7 On Your Side: Saving big bucks on prescription drugs

Wednesday, August 23, 2017 06:31PM
Nina Pineda provides money-saving tips on prescription drugs.


NORTHVALE, New Jersey - Deductibles are going up, co-pays are shrinking and drug prices are outpacing inflation, but here are some great ways to save when you fill your next prescription.

We price compare for everything from shoes to SUV's. So why not for medicine? Especially for those uninsured, there are way to save thousands a year.

Shrinking your pill bill may start with a few clicks. ScriptSave Well RX compared the generic form of the cholesterol drug, Crestor, across the tri-state area.

It could cost you as much as $105.77 for a 10mg month's supply but according to SciptSave Well Rx, using it's service and savings card, you could price shop that cash, no insurance price down to $16.70. A savings of $89.07.

"It just pays to be a smart consumer, even in healthcare, you need to be a healthcare consumer, instead of a healthcare patient," said Shawn Ohri, of ScriptSave WellRX.

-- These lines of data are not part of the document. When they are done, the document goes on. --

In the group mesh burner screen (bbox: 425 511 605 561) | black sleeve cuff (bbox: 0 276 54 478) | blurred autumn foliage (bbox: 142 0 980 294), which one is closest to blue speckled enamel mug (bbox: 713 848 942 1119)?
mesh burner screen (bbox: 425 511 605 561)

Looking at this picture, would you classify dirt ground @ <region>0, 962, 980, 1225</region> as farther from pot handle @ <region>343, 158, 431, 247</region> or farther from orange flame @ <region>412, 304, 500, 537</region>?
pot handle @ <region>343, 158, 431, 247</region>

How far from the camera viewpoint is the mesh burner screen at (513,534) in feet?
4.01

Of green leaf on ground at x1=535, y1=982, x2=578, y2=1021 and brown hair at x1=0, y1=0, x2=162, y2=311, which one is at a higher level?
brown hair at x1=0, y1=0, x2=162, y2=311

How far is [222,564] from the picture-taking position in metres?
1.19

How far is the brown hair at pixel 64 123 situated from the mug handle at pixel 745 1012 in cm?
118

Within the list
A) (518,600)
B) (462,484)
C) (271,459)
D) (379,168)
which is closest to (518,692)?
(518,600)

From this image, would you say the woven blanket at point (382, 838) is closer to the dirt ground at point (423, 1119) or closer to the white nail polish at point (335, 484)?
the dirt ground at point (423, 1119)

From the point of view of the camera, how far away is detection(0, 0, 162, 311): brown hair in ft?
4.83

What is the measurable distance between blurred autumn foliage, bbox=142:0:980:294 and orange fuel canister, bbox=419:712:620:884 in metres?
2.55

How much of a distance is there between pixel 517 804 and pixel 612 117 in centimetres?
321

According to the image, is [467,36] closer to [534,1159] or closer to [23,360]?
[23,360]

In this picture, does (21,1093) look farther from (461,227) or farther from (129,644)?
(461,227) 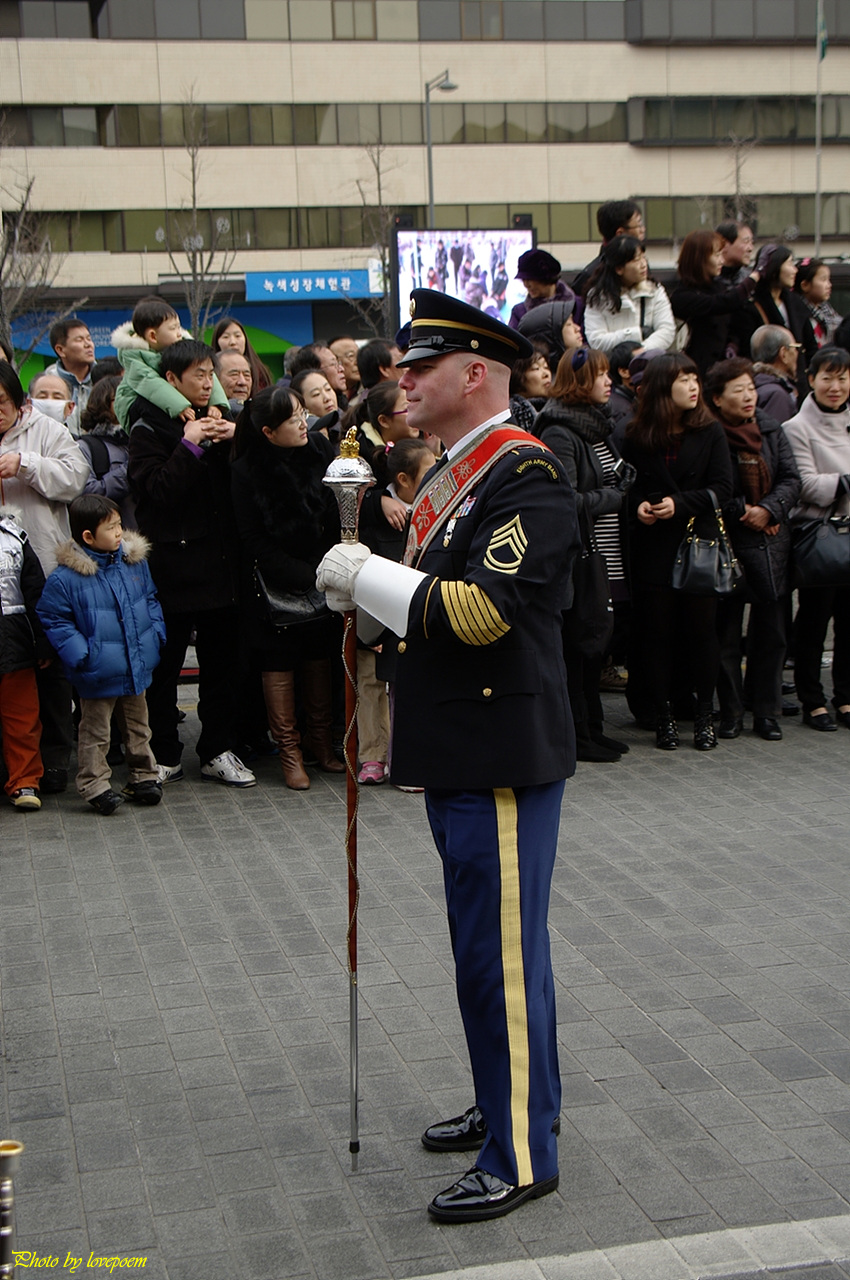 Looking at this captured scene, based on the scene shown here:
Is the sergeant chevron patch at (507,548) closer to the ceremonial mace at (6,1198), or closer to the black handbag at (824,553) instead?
the ceremonial mace at (6,1198)

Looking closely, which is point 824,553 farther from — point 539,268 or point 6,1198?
point 6,1198

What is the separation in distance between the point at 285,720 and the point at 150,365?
6.39 feet

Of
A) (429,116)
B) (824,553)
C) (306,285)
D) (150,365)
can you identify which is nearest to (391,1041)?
(150,365)

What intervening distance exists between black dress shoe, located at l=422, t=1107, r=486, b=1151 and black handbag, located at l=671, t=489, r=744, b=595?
14.3 feet

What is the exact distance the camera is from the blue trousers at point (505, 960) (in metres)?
3.49

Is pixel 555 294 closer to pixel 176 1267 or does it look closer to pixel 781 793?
pixel 781 793

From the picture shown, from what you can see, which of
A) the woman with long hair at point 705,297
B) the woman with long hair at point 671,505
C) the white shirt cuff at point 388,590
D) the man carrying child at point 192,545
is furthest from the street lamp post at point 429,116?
the white shirt cuff at point 388,590

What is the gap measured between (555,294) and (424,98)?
123 ft

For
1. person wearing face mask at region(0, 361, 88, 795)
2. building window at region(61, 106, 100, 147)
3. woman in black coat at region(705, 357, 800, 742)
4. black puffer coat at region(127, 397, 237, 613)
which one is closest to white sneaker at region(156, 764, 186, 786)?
person wearing face mask at region(0, 361, 88, 795)

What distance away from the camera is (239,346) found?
341 inches

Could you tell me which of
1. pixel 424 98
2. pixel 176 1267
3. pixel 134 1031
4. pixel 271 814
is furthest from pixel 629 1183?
pixel 424 98

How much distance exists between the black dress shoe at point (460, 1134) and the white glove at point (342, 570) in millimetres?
1435

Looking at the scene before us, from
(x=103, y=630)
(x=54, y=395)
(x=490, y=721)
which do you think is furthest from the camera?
(x=54, y=395)

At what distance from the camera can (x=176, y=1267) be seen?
3301 millimetres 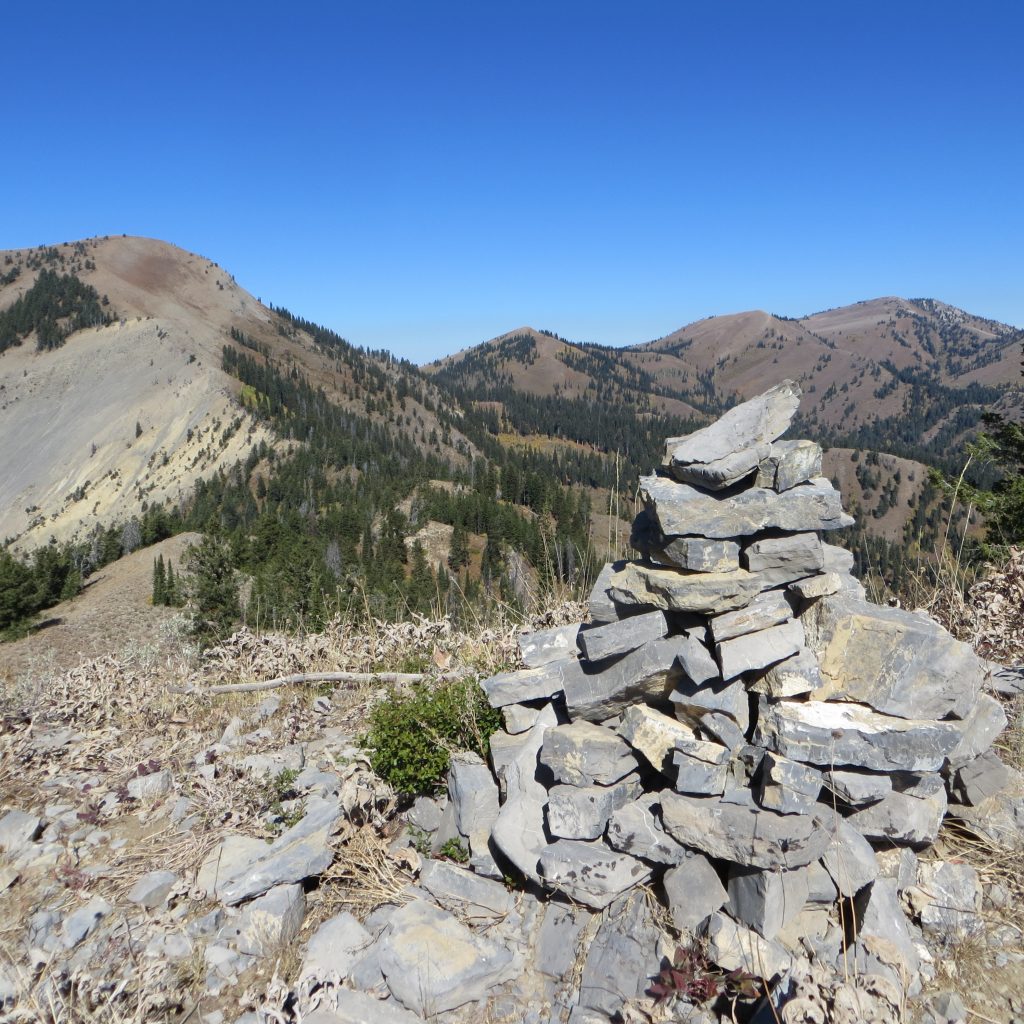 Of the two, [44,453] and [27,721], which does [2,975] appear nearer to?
[27,721]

Big box stores, groceries and drug stores all offer membership clubs and discount cards to save on the sky-rocketing cost of medicine.

Free memberships in online services like ScriptSave WellRx and GoodRx, websites that provide coupons and negotiate discounts with pharmacies, allow your fingers to do the walking before you do the running around.

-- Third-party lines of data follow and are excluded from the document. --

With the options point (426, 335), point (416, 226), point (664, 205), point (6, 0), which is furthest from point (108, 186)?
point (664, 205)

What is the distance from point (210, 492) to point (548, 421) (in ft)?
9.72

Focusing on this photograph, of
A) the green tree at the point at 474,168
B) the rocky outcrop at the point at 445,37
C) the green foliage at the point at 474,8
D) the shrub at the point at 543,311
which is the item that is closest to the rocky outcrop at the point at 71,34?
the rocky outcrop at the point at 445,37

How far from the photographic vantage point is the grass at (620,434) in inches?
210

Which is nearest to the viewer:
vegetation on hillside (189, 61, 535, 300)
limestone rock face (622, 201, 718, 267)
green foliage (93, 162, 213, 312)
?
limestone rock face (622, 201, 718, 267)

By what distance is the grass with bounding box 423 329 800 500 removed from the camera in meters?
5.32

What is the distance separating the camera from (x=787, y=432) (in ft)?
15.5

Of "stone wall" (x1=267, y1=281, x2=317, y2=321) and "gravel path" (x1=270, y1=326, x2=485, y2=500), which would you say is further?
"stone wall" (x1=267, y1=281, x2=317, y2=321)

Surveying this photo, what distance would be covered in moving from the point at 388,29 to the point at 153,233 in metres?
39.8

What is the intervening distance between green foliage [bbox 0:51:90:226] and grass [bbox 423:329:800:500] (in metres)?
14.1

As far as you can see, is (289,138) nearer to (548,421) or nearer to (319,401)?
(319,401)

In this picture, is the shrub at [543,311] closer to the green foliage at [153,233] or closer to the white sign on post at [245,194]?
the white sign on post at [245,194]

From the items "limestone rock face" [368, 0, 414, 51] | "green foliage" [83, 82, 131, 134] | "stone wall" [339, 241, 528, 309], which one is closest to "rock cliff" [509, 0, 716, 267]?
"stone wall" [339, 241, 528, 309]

"There's many cases where we can actually beat your insurance co-pay or if you're in a high deductible health plan there are many cases where our price may be lower," Ohri said.

For example, according to WellRx, in the low-income areas of the Bronx, the generic version of the popular sleep aid, Lunesta,for someone with no insurance can cost six times more at one store than at a pharmacy less than a mile away.

At Us Pharmacy lab in Northvale, New Jersey, Pharmacist David Yoon feels the comparison services are a good starting point for consumers looking to save.

"It's not 100-percent accurate, but it gives you a ball park figure who's cheapest in your neighborhood," Yoon said.

Ohri suggests always calling the pharmacy to get an updated actual price. And, most importantly, steer clear of expensive name brand medication if it's okay with your doctor to use the generic form.

"The price difference is astronomical. Sometimes the brand names can cost 50 to 100 times more, especially in the cases where you don't have insurance," Yoon said.

Pharmacists also recommend no matter where you are filling your scripts, consider the relationship with the provider and the safety which comes with having all your records on file.

The big takeaway: There are other ways to save. Ask your pharmacy what the cash or retail price of your prescription is it just might beat your insurance price. Price match. If you see a lower price somewhere else, ask your pharmacy to match or beat it. If they want to keep your business they will. And ask your doctor about an assistance program. If you qualify, you could get the prescription for free.